Lo curioso es que controlamos poco, muy poco; bueno, en realidad, casi nada y, sin embargo, pasamos gran parte de nuestro tiempo ocupados en controlar. Hagamos un ejercicio. Papel y lápiz (o bolígrafo, o pluma) y durante el próximo minuto anotemos todo lo que vamos a controlar hoy (los deberes de los niños, fulanito ha de entregarme el listado que le he pedido, estos pedidos han de salir a tiempo y todo lo del próximo mes organizado, deben de realizar cada estudio en un máximo de 15 minutos…). ¿Es una lista larga? Seguro que no tiene menos de diez líneas. Recientemente (ya verán por qué) me he estado preguntando sobre cuándo aprendemos la necesidad de controlar y en qué momento de nuestra niñez desaparece nuestro gusto y nuestra capacidad de recibir lo espontáneo, lo inesperado, lo nuevo…
La necesidad de controlar (normalmente a otros, o acontecimientos) parece ser un motor, un hilo conductor en mucho de lo que hacemos día a día en todos los ámbitos en los que nos movemos. No nos gusta nada no controlar, no saber, no poder predecir, no tener certeza, ni seguridad, ni poder transmitirla. No consideramos la incertidumbre y la ambigüedad parte de nuestro entorno natural y, sin embargo, están presentes de forma constante.
El control (o la dificultad de conseguir que las cosas vayan como uno quiere) aparece con frecuencia en sesiones de coaching y genera muchísima ansiedad.

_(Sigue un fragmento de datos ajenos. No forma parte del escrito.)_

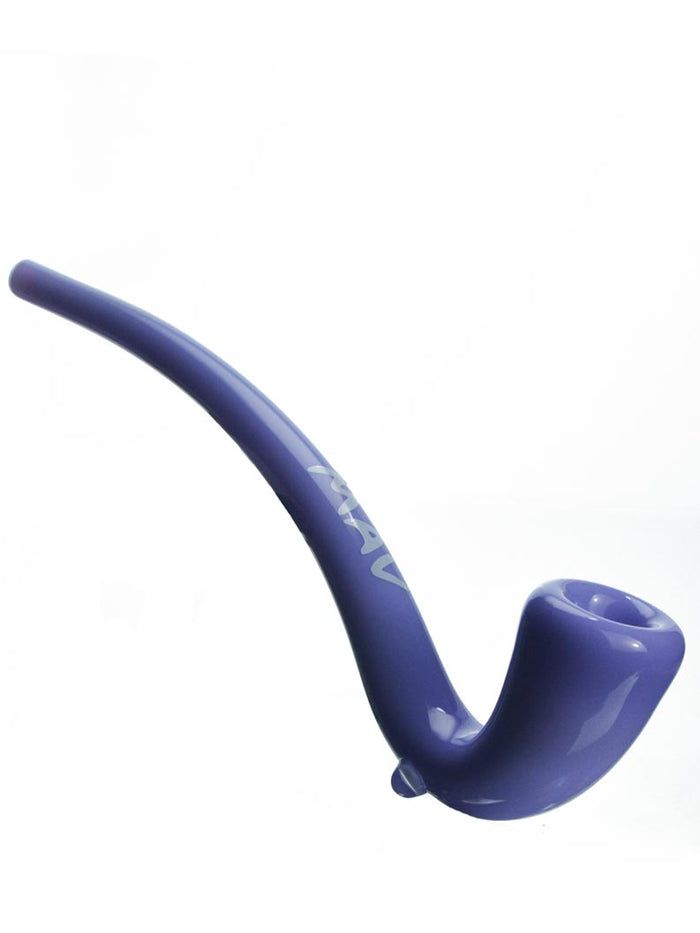 Slyme Gandalf Pipe by Mav Glass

Cuando ocurre, abro un paréntesis en la sesión para un dibujo simple a través del que compartir algo que aprendí años atrás de Peter Louca y me ha resultado muy útil.
El círculo pequeñito somos cada uno de nosotros, y controlamos lo que controlamos… Es decir, que controlamos única y exclusivamente aquello que nosotros podemos hacer, pensar, sentir, decir… y sólo hasta la capacidad que tengamos de actuar sobre nuestros pensamientos, sentimientos y emociones.
El círculo que sigue es nuestro círculo más o menos íntimo, sobre el que tenemos alguna capacidad de influir: familia, amigos, compañeros de trabajo, de clubes, asociaciones, municipio…
El siguiente círculo, el de todo eso que sí influye sobre nosotros, pero sobre el que nuestra influencia es prácticamente nula.
Una y otra vez, éste círculo obra maravillas. De repente, uno se siente liberado… Entendemos que, verdaderamente, poco hay que podamos controlar y que, en gran medida, todo esto del control es una bonita ilusión. Entendemos que, de verdad, de verdad, sólo nos controlamos a nosotros y que dependiendo de lo que hagamos obtendremos unas u otras respuestas de los demás y del entorno.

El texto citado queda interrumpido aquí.